> _What needs to be done_
Copy every line of the listing exactly.

> _Records shown_

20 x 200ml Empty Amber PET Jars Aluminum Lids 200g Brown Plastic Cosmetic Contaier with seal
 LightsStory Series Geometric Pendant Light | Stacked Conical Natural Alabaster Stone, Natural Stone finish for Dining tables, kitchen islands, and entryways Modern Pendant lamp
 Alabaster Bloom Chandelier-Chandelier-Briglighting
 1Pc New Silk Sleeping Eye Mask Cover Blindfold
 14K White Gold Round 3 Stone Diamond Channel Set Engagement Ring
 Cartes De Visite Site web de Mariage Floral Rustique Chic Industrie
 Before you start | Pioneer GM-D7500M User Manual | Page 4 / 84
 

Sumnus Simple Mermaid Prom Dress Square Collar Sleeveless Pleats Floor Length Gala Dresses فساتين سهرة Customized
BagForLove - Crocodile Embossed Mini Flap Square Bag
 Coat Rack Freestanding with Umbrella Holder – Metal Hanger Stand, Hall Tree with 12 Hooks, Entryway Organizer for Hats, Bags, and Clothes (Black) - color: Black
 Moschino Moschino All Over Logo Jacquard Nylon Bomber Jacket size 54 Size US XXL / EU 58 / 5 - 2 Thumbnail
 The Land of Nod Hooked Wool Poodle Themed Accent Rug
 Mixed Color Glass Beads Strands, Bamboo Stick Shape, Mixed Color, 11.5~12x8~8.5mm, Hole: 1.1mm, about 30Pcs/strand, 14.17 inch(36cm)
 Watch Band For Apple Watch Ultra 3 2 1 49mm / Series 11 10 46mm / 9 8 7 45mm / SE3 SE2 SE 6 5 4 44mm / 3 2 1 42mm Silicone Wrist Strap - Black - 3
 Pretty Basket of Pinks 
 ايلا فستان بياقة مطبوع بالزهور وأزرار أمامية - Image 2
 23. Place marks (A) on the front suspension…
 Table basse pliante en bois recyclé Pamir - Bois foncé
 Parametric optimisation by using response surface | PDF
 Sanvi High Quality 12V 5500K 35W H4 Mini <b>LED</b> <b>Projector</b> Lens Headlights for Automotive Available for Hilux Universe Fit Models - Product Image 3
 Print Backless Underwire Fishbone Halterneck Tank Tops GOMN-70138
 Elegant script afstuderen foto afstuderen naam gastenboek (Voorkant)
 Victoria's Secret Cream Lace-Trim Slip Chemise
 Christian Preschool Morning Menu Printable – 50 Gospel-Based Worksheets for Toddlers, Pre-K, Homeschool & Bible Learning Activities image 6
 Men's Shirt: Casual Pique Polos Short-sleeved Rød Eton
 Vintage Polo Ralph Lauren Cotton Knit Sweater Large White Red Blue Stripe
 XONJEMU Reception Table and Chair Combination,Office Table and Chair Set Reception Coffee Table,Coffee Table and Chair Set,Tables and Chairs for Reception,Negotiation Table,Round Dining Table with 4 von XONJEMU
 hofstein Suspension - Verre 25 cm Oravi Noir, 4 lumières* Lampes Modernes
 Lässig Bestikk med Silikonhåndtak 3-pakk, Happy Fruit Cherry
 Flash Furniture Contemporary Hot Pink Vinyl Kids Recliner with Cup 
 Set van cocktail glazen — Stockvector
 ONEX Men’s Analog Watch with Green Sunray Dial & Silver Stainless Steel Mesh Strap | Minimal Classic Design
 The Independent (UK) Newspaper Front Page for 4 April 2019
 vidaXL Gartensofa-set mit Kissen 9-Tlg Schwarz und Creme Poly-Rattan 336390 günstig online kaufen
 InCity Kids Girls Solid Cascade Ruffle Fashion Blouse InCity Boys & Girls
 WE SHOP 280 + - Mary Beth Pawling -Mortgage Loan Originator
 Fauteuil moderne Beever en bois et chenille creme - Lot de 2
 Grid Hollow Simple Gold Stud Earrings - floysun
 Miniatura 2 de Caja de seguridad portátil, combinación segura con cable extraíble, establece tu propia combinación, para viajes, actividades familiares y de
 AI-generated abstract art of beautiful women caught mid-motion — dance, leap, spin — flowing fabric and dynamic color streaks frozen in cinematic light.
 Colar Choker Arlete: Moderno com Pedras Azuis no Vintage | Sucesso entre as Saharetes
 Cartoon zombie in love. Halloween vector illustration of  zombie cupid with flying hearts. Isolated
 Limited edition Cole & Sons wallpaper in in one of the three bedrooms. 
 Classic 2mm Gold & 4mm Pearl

> _Task response_
20 x 200ml Empty Amber PET Jars Aluminum Lids 200g Brown Plastic Cosmetic Contaier with seal
 LightsStory Series Geometric Pendant Light | Stacked Conical Natural Alabaster Stone, Natural Stone finish for Dining tables, kitchen islands, and entryways Modern Pendant lamp
 Alabaster Bloom Chandelier-Chandelier-Briglighting
 1Pc New Silk Sleeping Eye Mask Cover Blindfold
 14K White Gold Round 3 Stone Diamond Channel Set Engagement Ring
 Cartes De Visite Site web de Mariage Floral Rustique Chic Industrie
 Before you start | Pioneer GM-D7500M User Manual | Page 4 / 84
 

Sumnus Simple Mermaid Prom Dress Square Collar Sleeveless Pleats Floor Length Gala Dresses فساتين سهرة Customized
BagForLove - Crocodile Embossed Mini Flap Square Bag
 Coat Rack Freestanding with Umbrella Holder – Metal Hanger Stand, Hall Tree with 12 Hooks, Entryway Organizer for Hats, Bags, and Clothes (Black) - color: Black
 Moschino Moschino All Over Logo Jacquard Nylon Bomber Jacket size 54 Size US XXL / EU 58 / 5 - 2 Thumbnail
 The Land of Nod Hooked Wool Poodle Themed Accent Rug
 Mixed Color Glass Beads Strands, Bamboo Stick Shape, Mixed Color, 11.5~12x8~8.5mm, Hole: 1.1mm, about 30Pcs/strand, 14.17 inch(36cm)
 Watch Band For Apple Watch Ultra 3 2 1 49mm / Series 11 10 46mm / 9 8 7 45mm / SE3 SE2 SE 6 5 4 44mm / 3 2 1 42mm Silicone Wrist Strap - Black - 3
 Pretty Basket of Pinks 
 ايلا فستان بياقة مطبوع بالزهور وأزرار أمامية - Image 2
 23. Place marks (A) on the front suspension…
 Table basse pliante en bois recyclé Pamir - Bois foncé
 Parametric optimisation by using response surface | PDF
 Sanvi High Quality 12V 5500K 35W H4 Mini <b>LED</b> <b>Projector</b> Lens Headlights for Automotive Available for Hilux Universe Fit Models - Product Image 3
 Print Backless Underwire Fishbone Halterneck Tank Tops GOMN-70138
 Elegant script afstuderen foto afstuderen naam gastenboek (Voorkant)
 Victoria's Secret Cream Lace-Trim Slip Chemise
 Christian Preschool Morning Menu Printable – 50 Gospel-Based Worksheets for Toddlers, Pre-K, Homeschool & Bible Learning Activities image 6
 Men's Shirt: Casual Pique Polos Short-sleeved Rød Eton
 Vintage Polo Ralph Lauren Cotton Knit Sweater Large White Red Blue Stripe
 XONJEMU Reception Table and Chair Combination,Office Table and Chair Set Reception Coffee Table,Coffee Table and Chair Set,Tables and Chairs for Reception,Negotiation Table,Round Dining Table with 4 von XONJEMU
 hofstein Suspension - Verre 25 cm Oravi Noir, 4 lumières* Lampes Modernes
 Lässig Bestikk med Silikonhåndtak 3-pakk, Happy Fruit Cherry
 Flash Furniture Contemporary Hot Pink Vinyl Kids Recliner with Cup 
 Set van cocktail glazen — Stockvector
 ONEX Men’s Analog Watch with Green Sunray Dial & Silver Stainless Steel Mesh Strap | Minimal Classic Design
 The Independent (UK) Newspaper Front Page for 4 April 2019
 vidaXL Gartensofa-set mit Kissen 9-Tlg Schwarz und Creme Poly-Rattan 336390 günstig online kaufen
 InCity Kids Girls Solid Cascade Ruffle Fashion Blouse InCity Boys & Girls
 WE SHOP 280 + - Mary Beth Pawling -Mortgage Loan Originator
 Fauteuil moderne Beever en bois et chenille creme - Lot de 2
 Grid Hollow Simple Gold Stud Earrings - floysun
 Miniatura 2 de Caja de seguridad portátil, combinación segura con cable extraíble, establece tu propia combinación, para viajes, actividades familiares y de
 AI-generated abstract art of beautiful women caught mid-motion — dance, leap, spin — flowing fabric and dynamic color streaks frozen in cinematic light.
 Colar Choker Arlete: Moderno com Pedras Azuis no Vintage | Sucesso entre as Saharetes
 Cartoon zombie in love. Halloween vector illustration of  zombie cupid with flying hearts. Isolated
 Limited edition Cole & Sons wallpaper in in one of the three bedrooms. 
 Classic 2mm Gold & 4mm Pearl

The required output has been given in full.